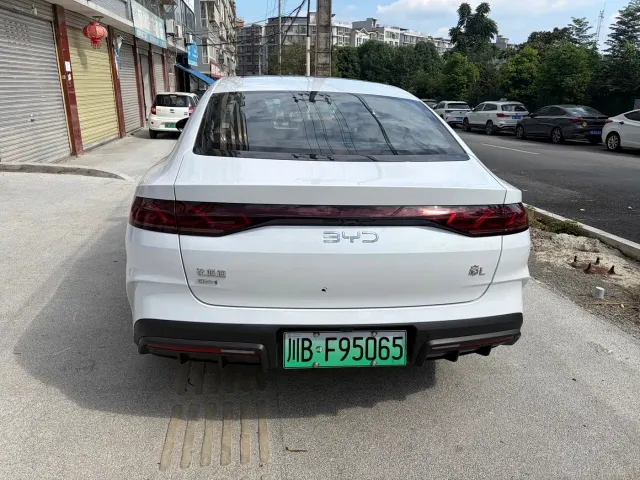 BYD Qin L — Фото автомобиля 8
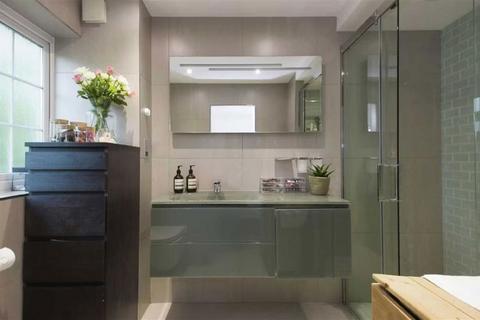 20 Kenilworth Gardens, London, SE18 3JB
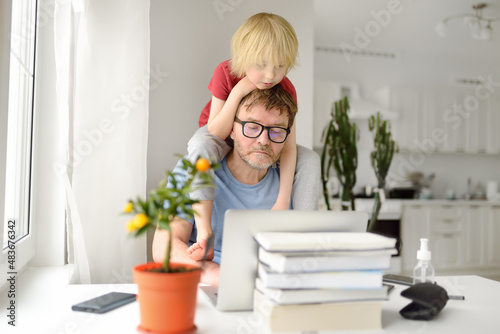 Foto Man is working from home with laptop during quarantine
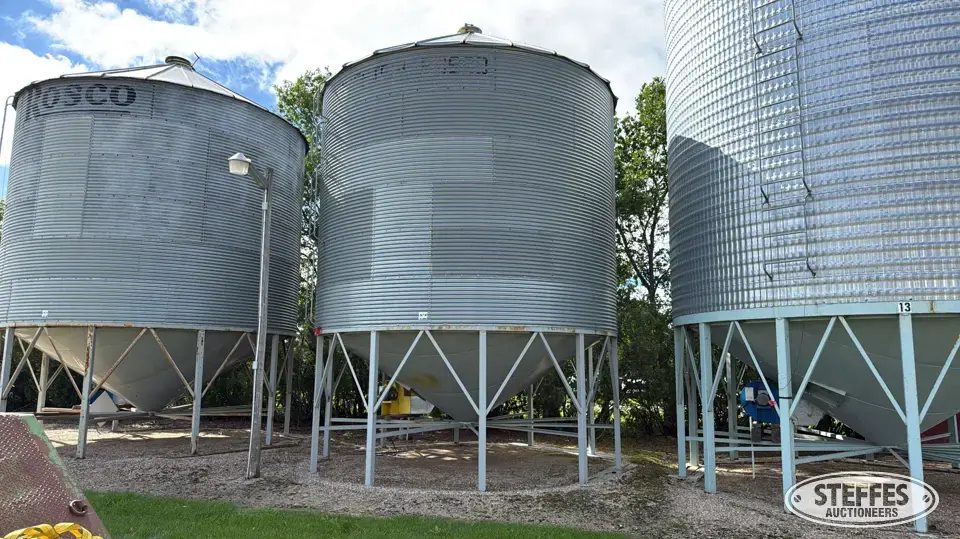 Westeel-Rosco hopper bin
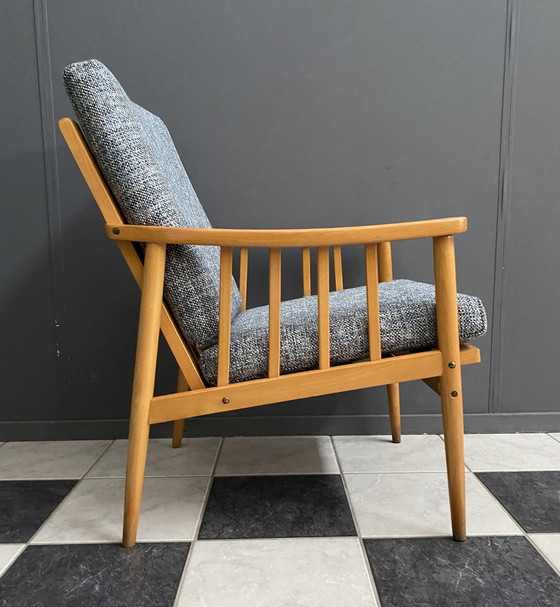 Image 1 of Chaise à bras en bois et tissu 1960S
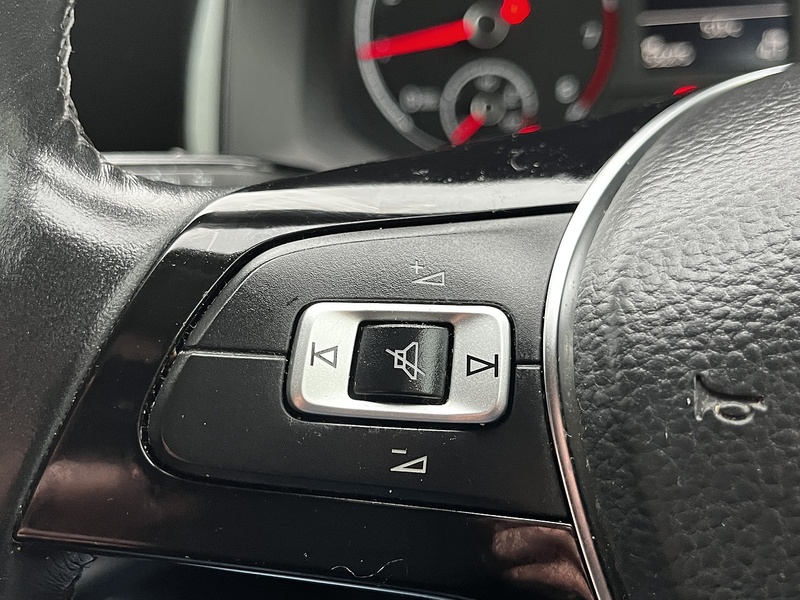 Volkswagen Polo TSI SE - U260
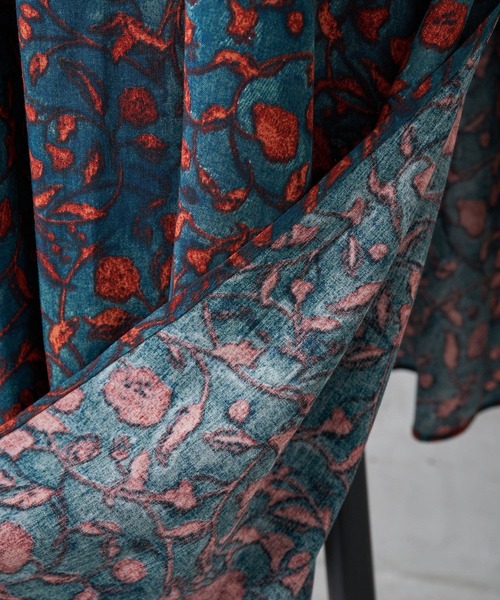 BEARDSLEY（ビアズリー）の「袖のギャザーもアクセントに《FRIPIER》プリントマキシワンピース（ワンピース・レディース・グリーン・FREE）」の9枚目の写真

#### TASK ITEM
Please make an exact copy of the whole listing and leave out its pictures.

#### YOUR SOLUTION
 BYD Qin L — Фото автомобиля 8
 20 Kenilworth Gardens, London, SE18 3JB
 Foto Man is working from home with laptop during quarantine
 Westeel-Rosco hopper bin
 Image 1 of Chaise à bras en bois et tissu 1960S
 Volkswagen Polo TSI SE - U260
 BEARDSLEY（ビアズリー）の「袖のギャザーもアクセントに《FRIPIER》プリントマキシワンピース（ワンピース・レディース・グリーン・FREE）」の9枚目の写真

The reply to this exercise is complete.